[Web page caption snippets]
_ _ _ _ _

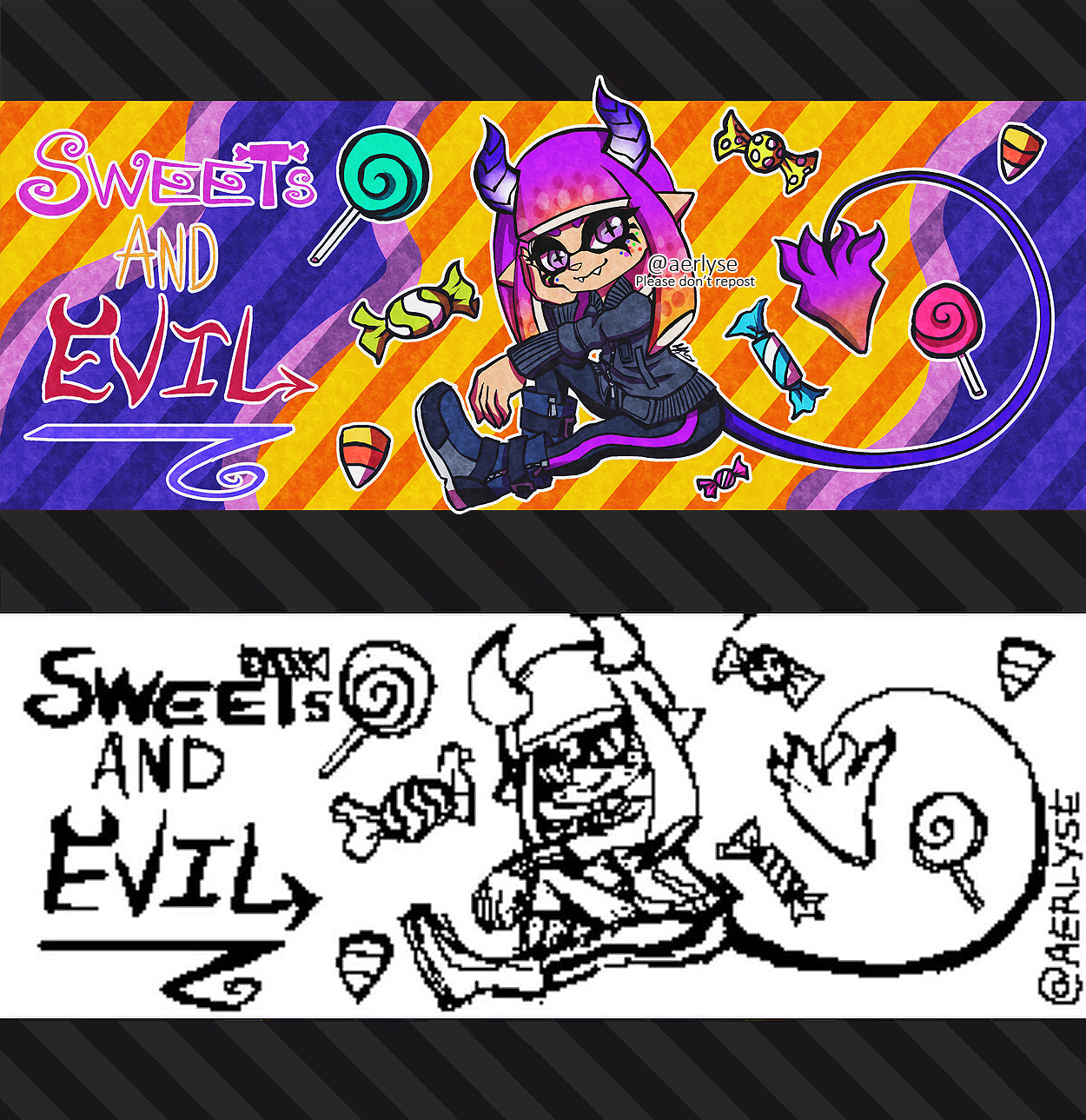 Happy Splatoween!!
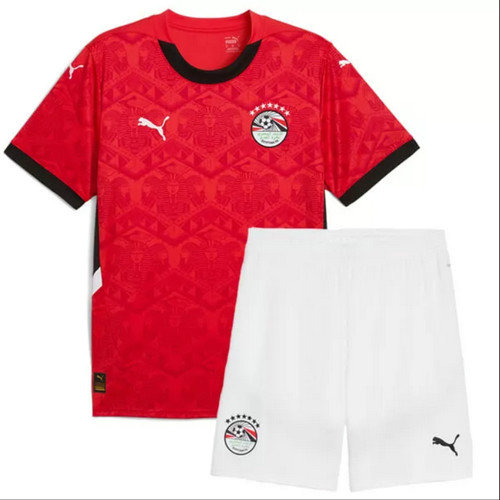 maglia egitto prima 2025-2026 bambino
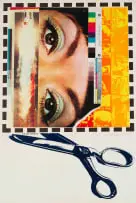 Joe Tilson, Cut Out and Send, 1968, mixed media on paper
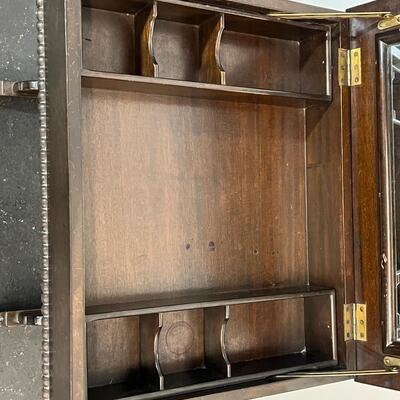 Jewelry Table w/ mirror
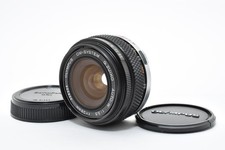 Top MINT Olympus OM-System G. Zuiko Auto-W 28mm f/3.5 MF Lens From JAPAN
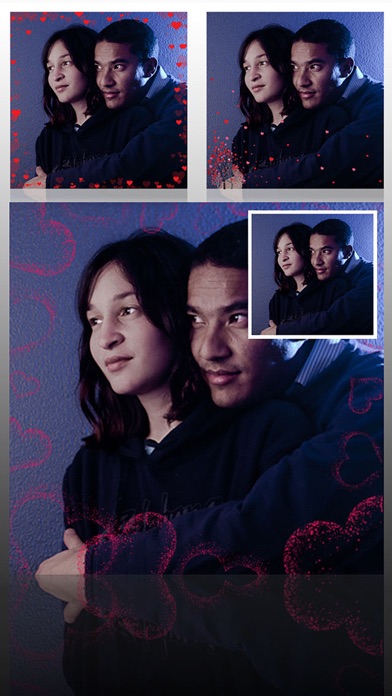 How to cancel & delete AceCam Romantic Greetings - Photo Effect for Instagram from iphone & ipad 4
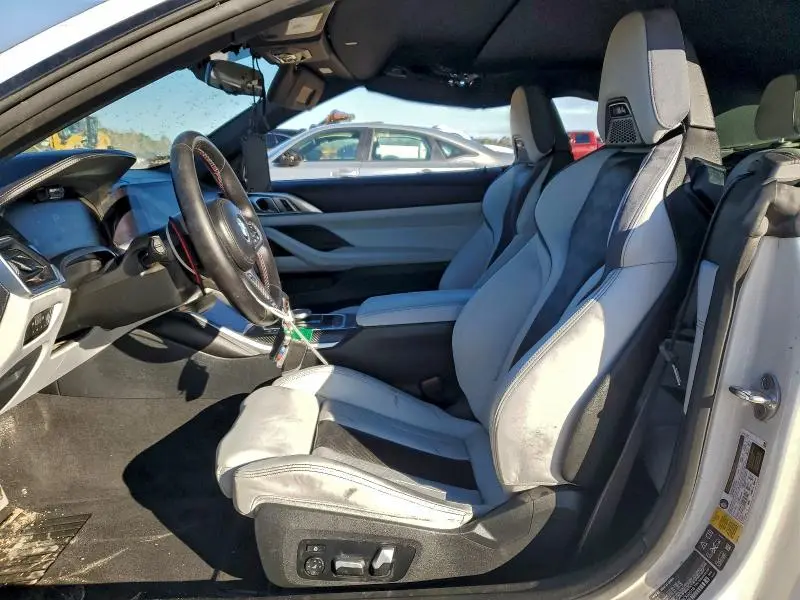 2022 BMW M4 COMPETITION  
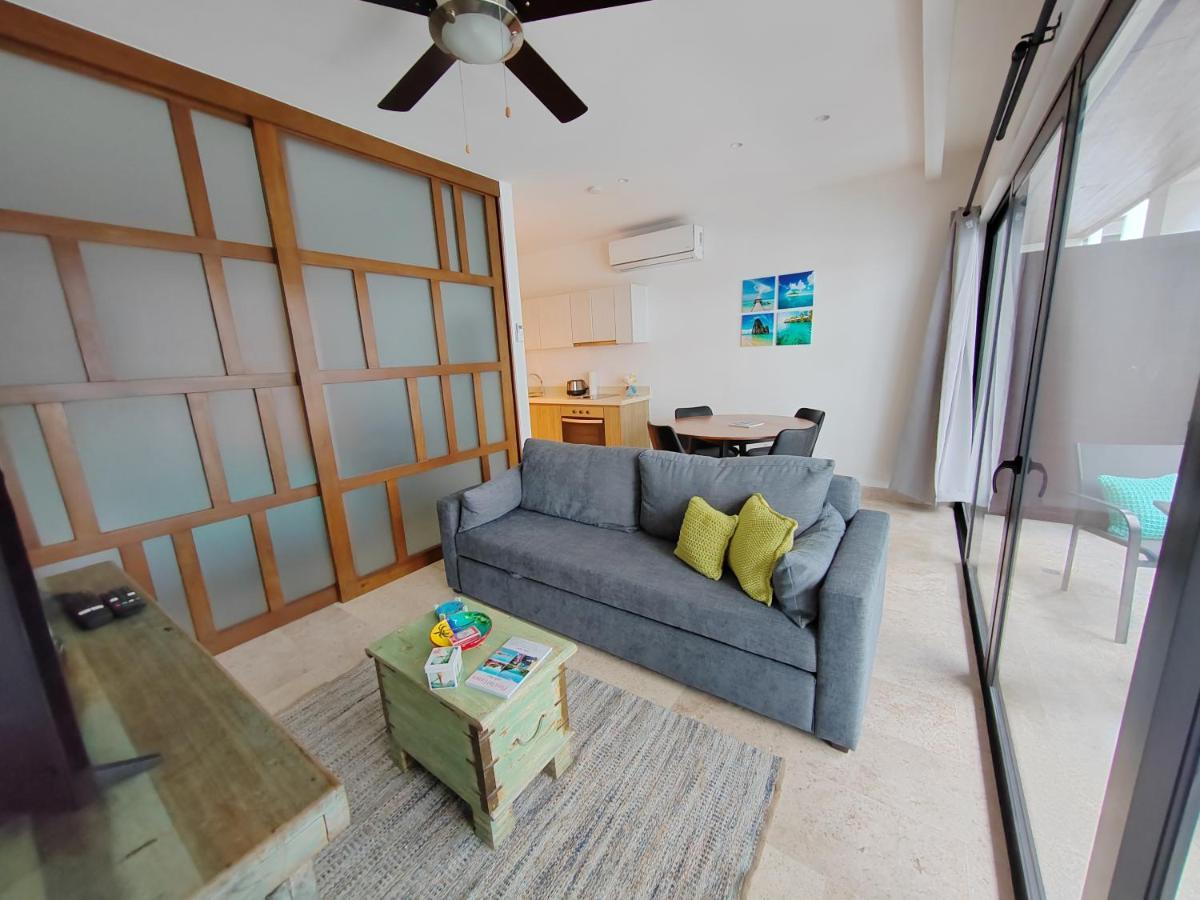 Ipana Luxury Apartments By Vacaciones.Yeah Playa del Carmen Bagian luar foto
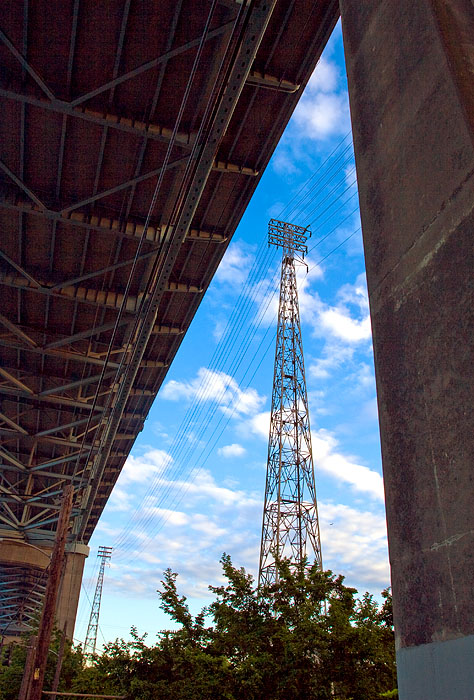 8th: Power Bridge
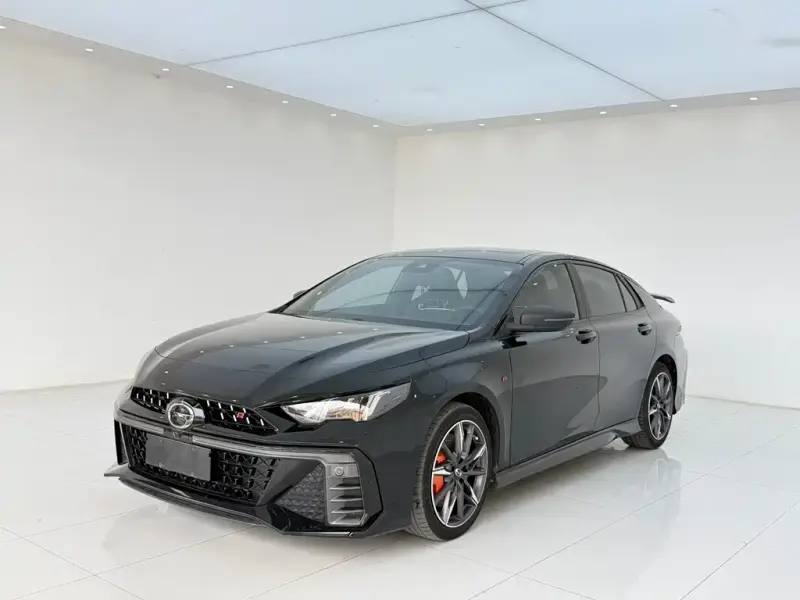 GAC Motor Shadow Leopard, 2023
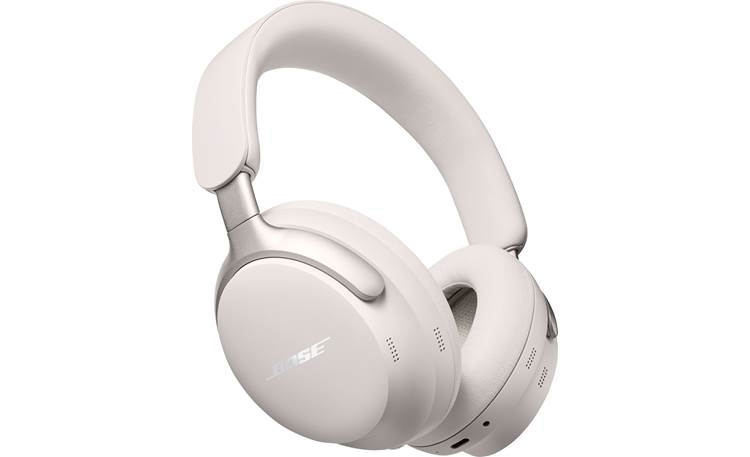 Bose QuietComfort® Ultra Headphones Durable, lightweight design made of premium parts
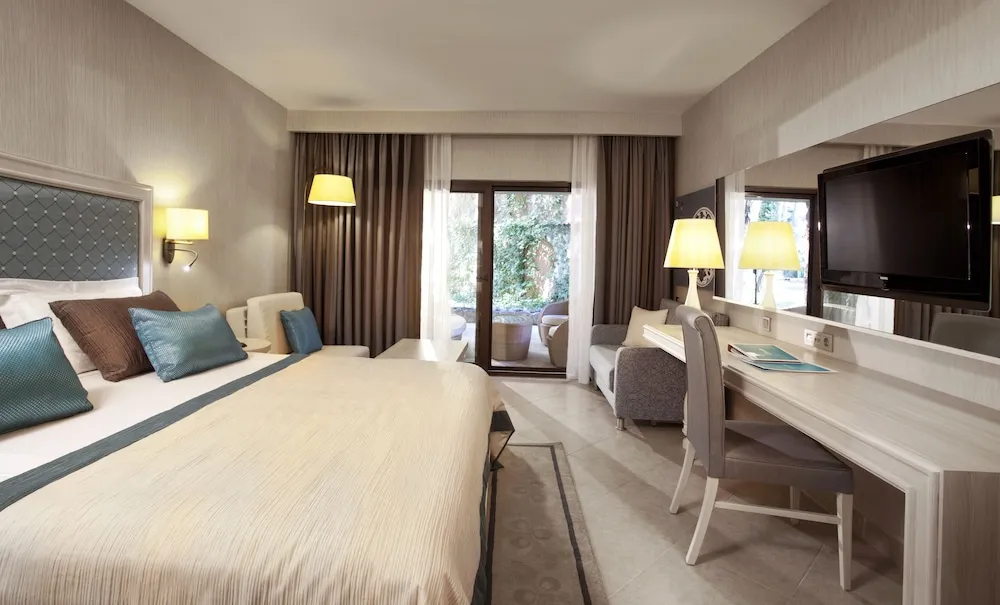 Superior Single Room, Forest View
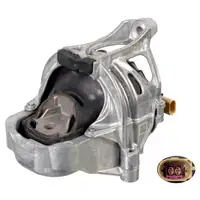 febi Motorlager f&uuml;r AUDI A6 C8 A7 4K 45 TFSI Q7 4M VW Touareg CR7 2.0 TSI/TFSI rechts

_ _ _ _ _

(EXERCISE PROMPT): Begin with the line containing "Joe Tilson, Cut" and end with the last line of the entries above. Copy those lines exactly, both ends included, and drop every picture.

(RESPONSE TO THIS EXERCISE):
 Joe Tilson, Cut Out and Send, 1968, mixed media on paper
 Jewelry Table w/ mirror
 Top MINT Olympus OM-System G. Zuiko Auto-W 28mm f/3.5 MF Lens From JAPAN
 How to cancel & delete AceCam Romantic Greetings - Photo Effect for Instagram from iphone & ipad 4
 2022 BMW M4 COMPETITION  
 Ipana Luxury Apartments By Vacaciones.Yeah Playa del Carmen Bagian luar foto
 8th: Power Bridge
 GAC Motor Shadow Leopard, 2023
 Bose QuietComfort® Ultra Headphones Durable, lightweight design made of premium parts
 Superior Single Room, Forest View
 febi Motorlager f&uuml;r AUDI A6 C8 A7 4K 45 TFSI Q7 4M VW Touareg CR7 2.0 TSI/TFSI rechts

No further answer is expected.